In general, reaction to the move was positive from domestic manufacturing trade associations and labor groups, but negative from economists, consumer advocates and foreign/global manufacturers. And negative, of course, from China, whose Ministry of Commerce said it “will take resolute measures to defend its rights and interests.” This likely includes a lawsuit in front of the World Trade Organization and/or retaliatory tariffs, as is usually the case in trade wars like this.
These tariffs had been called for by several entities in the US (and Europe), as Chinese EV manufacturing has rapidly ramped in recent years.
China was originally somewhat slow to adopt EVs – in 2015, EV market share was just .84%, similar to the US market share of .66% and well below California at 3.1% at the time. But in 2023, US market share had risen to a meager 7.6% and California to just 21.4%, whereas China’s EV market share was a whopping 37%, leapfrogging several other leading countries in the process (and it was just 5% in 2020, so the turn upwards has been very rapid over the last 3 years). It caught foreign manufacturers by surprise, leaving ICE car values plummeting in China as consumers are simply not interested.
Despite the massive swing upwards in Chinese EV interest, EV manufacturing has risen even more rapidly. This has left Chinese automakers with more than enough vehicles for the export market, and they have started exporting so many to Europe that they can’t find enough ships to carry them.
Those EVs haven’t made their way to the US yet, but most thought that it was inevitable they would soon. But with these increased tariffs, that makes it less likely that US consumers will gain access to these cheap, high-tech Chinese EVs.
This isn’t the first move that Biden has made to limit the ability of the Chinese auto industry to operate in the US. The Inflation Reduction Act which updated the US EV tax credit included protectionist measures to disallow Chinese-sourced EVs from taking advantage of the credit. To qualify, EVs must be assembled in America and must have a certain percentage of components sourced in the US or US free trade countries, and can’t include parts from “foreign entities of concern” (though there are some ways around this).
The net effect of the IRA is that batteries sourced from China have a harder time getting access to US tax credits, thus reducing their competitiveness in the US market.
Electrek’s Take
I wrote a piece this weekend about how these tariffs are not a good idea. It’s long but I’d encourage giving it a read.
The basic idea is that protectionist trade measures generally cause more chaos than they’re worth, fail to protect the industries they are intended to protect, and lull industry into a false sense of security thus making it less competitive in the long run. If protectionist measures are needed, it’s better to encourage domestic industry with incentives than to implement tariffs.
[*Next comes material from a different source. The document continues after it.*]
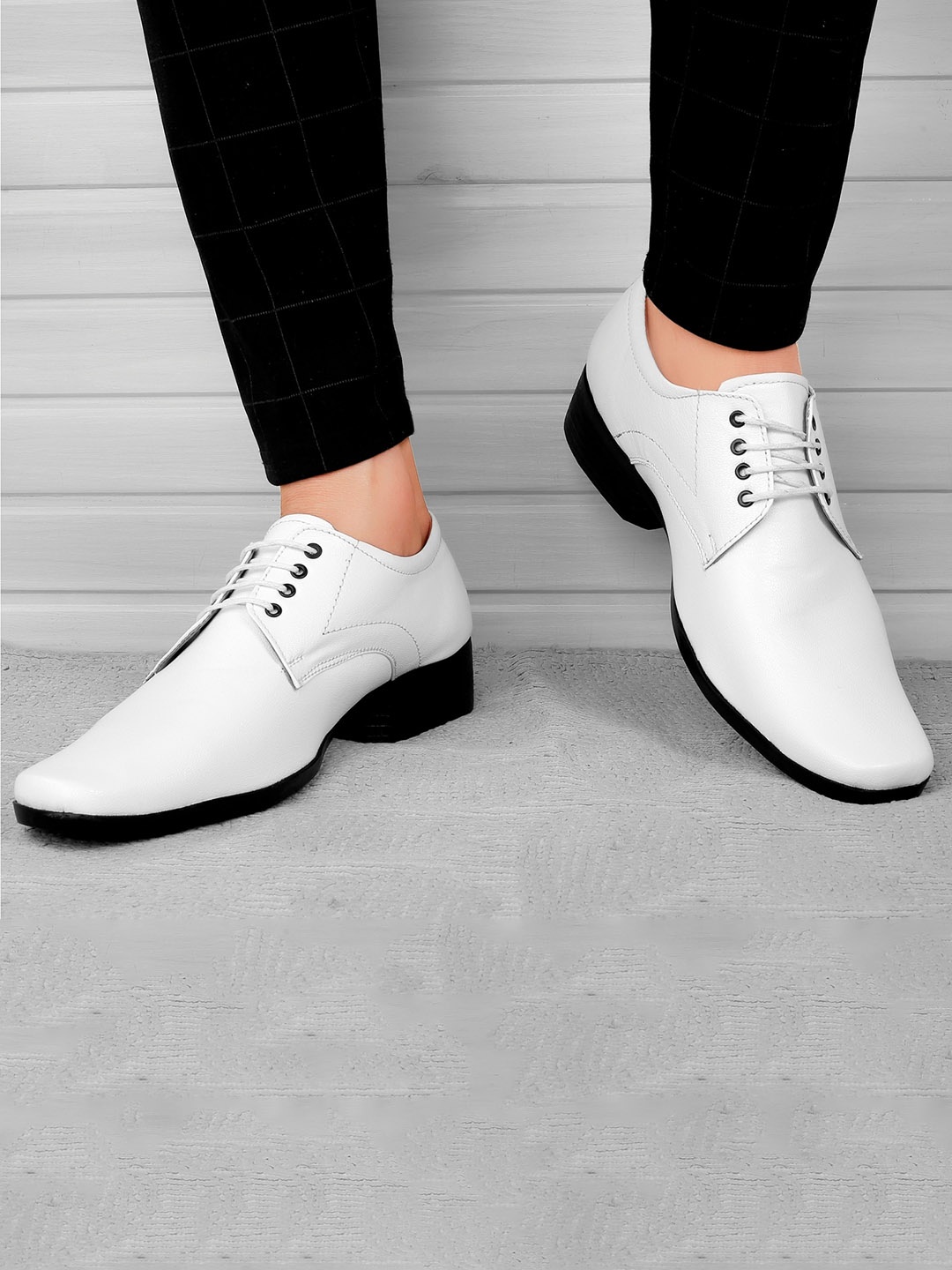 

Bxxy Men Textured Formal Derbys, White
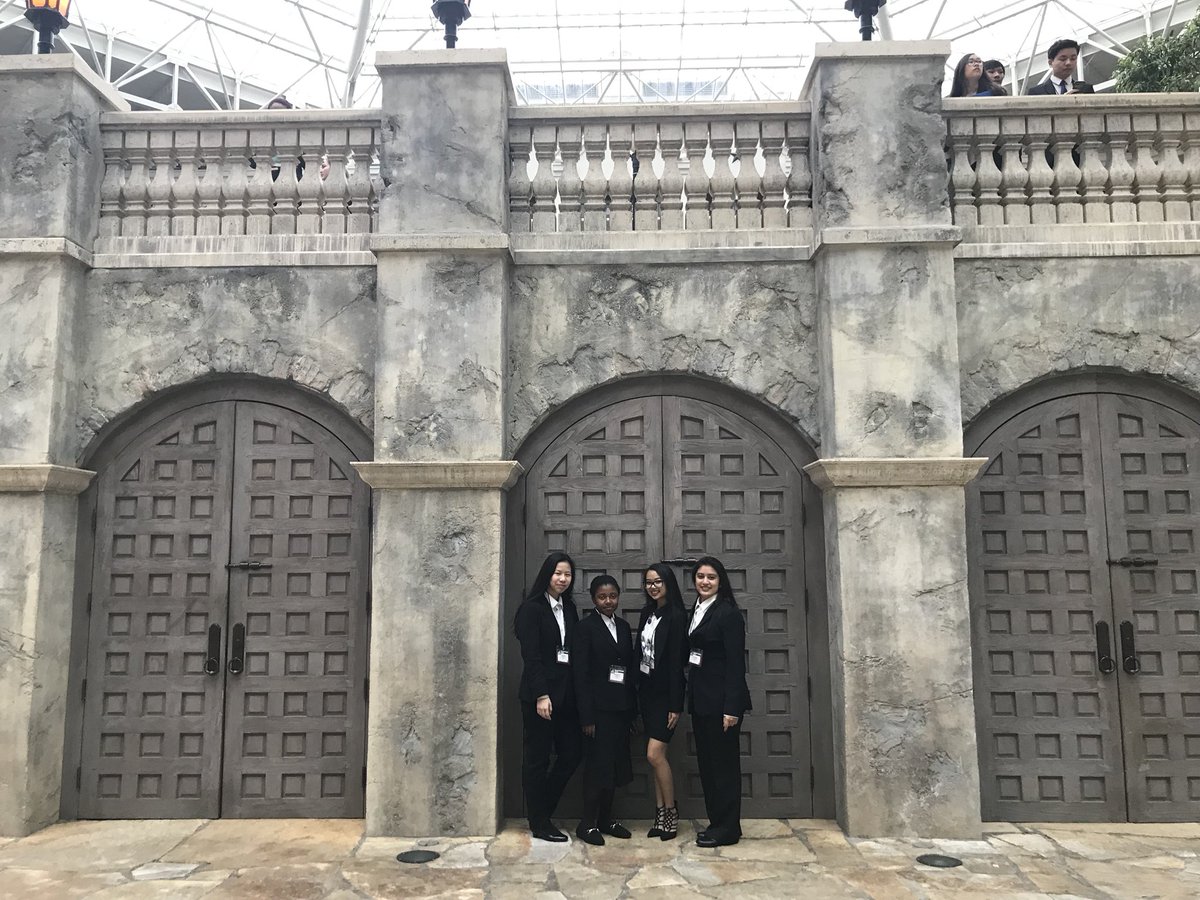 bnhshosaca's tweet photo. having fun at #StateHOSA!!! #area5isalive #HOSA #communityawareness #starbucks @ValentaBNHS https://t.co/TX3DSGK0jH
And Biden has implemented targeted incentives and regulations to help the domestic EV industry – the Inflation Reduction Act, various EPA regulations and grants, and so on – most of which have helped to keep prices down for Americans while making the US more competitive in EV manufacturing.
But it seems like there’s no way these particular tariffs don’t increase the price of goods for Americans, which is something America (and the world) is struggling with right now.
The administration says that it does not expect much overall inflation because these tariffs are aimed at industries which Biden has targeted for growth, but for us in the EV world, that means prices of the main thing we follow – EVs – will likely rise.
Current EVs that get affordable batteries from China will be made more expensive, or will need to find new suppliers which can now charge higher prices since they don’t have to compete with the previously lowest-priced option.
And same with EVs as a whole – the existence of excellent small cars like the EX30 exerts downward price pressure on competing vehicles, which now won’t have to worry about that particular car (or any other affordable EVs which might make their way here) as competition.
And the net effect of that is lower EV adoption – which means Americans won’t get cleaner air as quickly as we would otherwise.
Meanwhile, while it may give a little breathing room for the American auto industry to catch up, it may also make them think they don’t need to work as hard to do so. American automakers already lobby to slow down the EV transition, so it’s clear they aren’t interested in moving as fast as they possibly can.
But most importantly, I don’t see how artificially raising the prices of EVs helps to meet climate goals. Climate change is the most important issue humanity has ever faced, and needs to be priority number one of every human on Earth. This decision does not do that.
But even though tariffs hurt the US economy, they are still popular. So this decision doesn’t happen in a vacuum – it happens with an important election just months away.
Of course, despite this being a bad move, there aren’t many other options. President Biden’s election competitor, Mr. Trump, also favors increased tariffs, though is less targeted in his approach.
Trump further favors torpedoing America’s manufacturing competitiveness by actively seeking to harm EV production. He recently asked oil companies for a billion dollars in bribes, promising to shut down incentives for American auto manufacturing if they give it to him, which would in fact hand even more of a lead to China.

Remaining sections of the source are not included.